Finally, we can compute $P\left(0\right)$ as:

$$P\left(0\right)=\frac{q_0}{1-q_0}P(0,0).$$

(10)

Since the summation of all the probabilities equals 1, we have:

$$P\left(0\right)+\sum _{i=0}^{M+f-1}P(i,0)+\sum _{k=1}^{w_0-1}P(0,k)+\sum _{i=1}^{M+f-1}\sum _{k=1}^{w_{i-1}}P(i,k)=1.$$

(11)

Notice that the window exponential factor is $\alpha$ for $i\le M$; that is, $w_i=w_0{\alpha }^i\forall i\le M$, and $w_i=w_0{\alpha }^M\forall i>M$. By plugging $w_i$ into Equation (11) and using some math, we can calculate $P(0,0)$, as shown in Equation (12).

$$\begin{array}{c}\hfill P(0,0)=(\frac{q_0}{1-q_0}+\frac{1-{p_{col}}^{M+f}}{1-p_{col}}+\frac{w_0-1}{2p_{idle}}+\frac{1}{2p_{idle}}[({\alpha }^{M-1}{w}_0-1)\frac{{p_{col}}^{M-1}-{p_{col}}^{M+f}}{1-p_{col}}\\ \hfill +w_0\frac{\alpha p_{col}-{\left(\alpha p_{col}\right)}^{M-1}}{1-\alpha p_{col}}+\frac{p_{col}-{\left(p_{col}\right)}^{M-1}}{1-p_{col}}]{)}^{-1}\end{array}$$

(12)

To solve the model, we need to calculate the values of $p_{col},p_{idle}$ and $q_0$. To do that, we derive the relationship between these three parameters and the state probabilities.

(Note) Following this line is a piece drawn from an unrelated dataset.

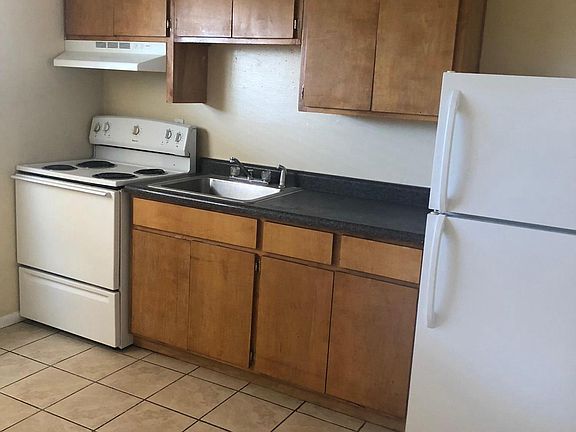 4th image of 2929 Van Buren Ave APT 1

A collision will happen when two or more stations start transmission in the same time slot. Let the probability that a station starts transmitting at a time slot be $p_{trans}$, then $p_{trans}={\sum }_{i=0}^{M+f-1}P(i,0)$. When a station sends a packet, the probability that this packet collides is $p_{col}=1-{(1-p_{tran})}^{N-1}$. Therefore, for the entire system, the medium will be idle at any time slot only if no station is sending: $p_{idl{e}_{slot}}={(1-p_{tran})}^N$. The station decides that the medium is idle ($p_{idle}$) after $AIFS$ idle time slots in a row: $p_{idle}={p_{idl{e}_{slot}}}^{AIFS}$. For the entire system, the probability that a packet is successfully transmitted without collision is $p_{suc}=N{p}_{tran}{(1-p_{tran})}^{N-1}$.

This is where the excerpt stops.